Nonetheless, there are great things in store for people of all walks.
In the early afternoon, the open-air area seemed empty, with only some tents being set up, but few bikes in sight. Nobody was there to do sales, but everybody was there to get their new showroom bikes out of their vans. Nissan’s cars were hidden behind a plastic veil, and when I went up to ask if the booth was open, I was disappointed to not be able to go in. What’s worse, it rained.
But things were different on the second floor. Initially, I was brought about by the media minder from Spectrum Worldwide, and she brought us to the Media Centre.
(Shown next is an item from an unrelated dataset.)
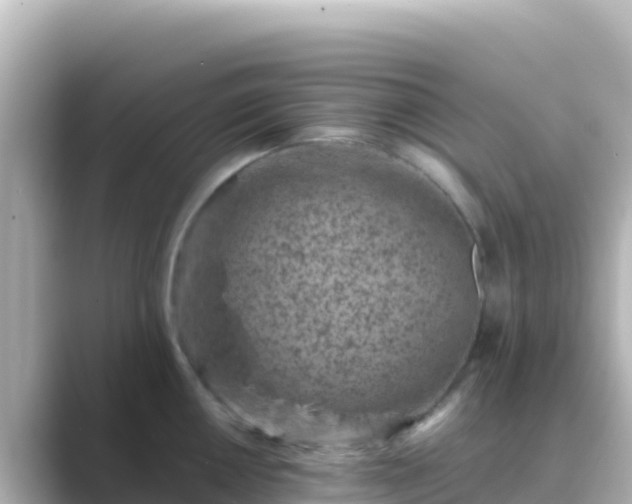 X0000089431050200706221208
The Media Centre is situated one small corner of the exhibition hall.
Outside this small corner is where you’d want to be at. It is a place where many manufacturers have their latest and newest bling in store. There are a couple of pretty exclusive new innovative cycling equipment that were first seen in Singapore here in the OCBC Cycle Singapore. Walking around, a few very interesting tools were on show.
First of all, Integrated Riding has brought in one of the most tempting things in the whole hall – the new Boardman bikes. These carbon bikes, equipped with SRAM Red drivetrain, are brought in exclusively to Singapore for the first time. It was a real good feeling to know that while others are getting news about it, we’re seeing the real thing. 6.5kg aerodynamic road bike anyone?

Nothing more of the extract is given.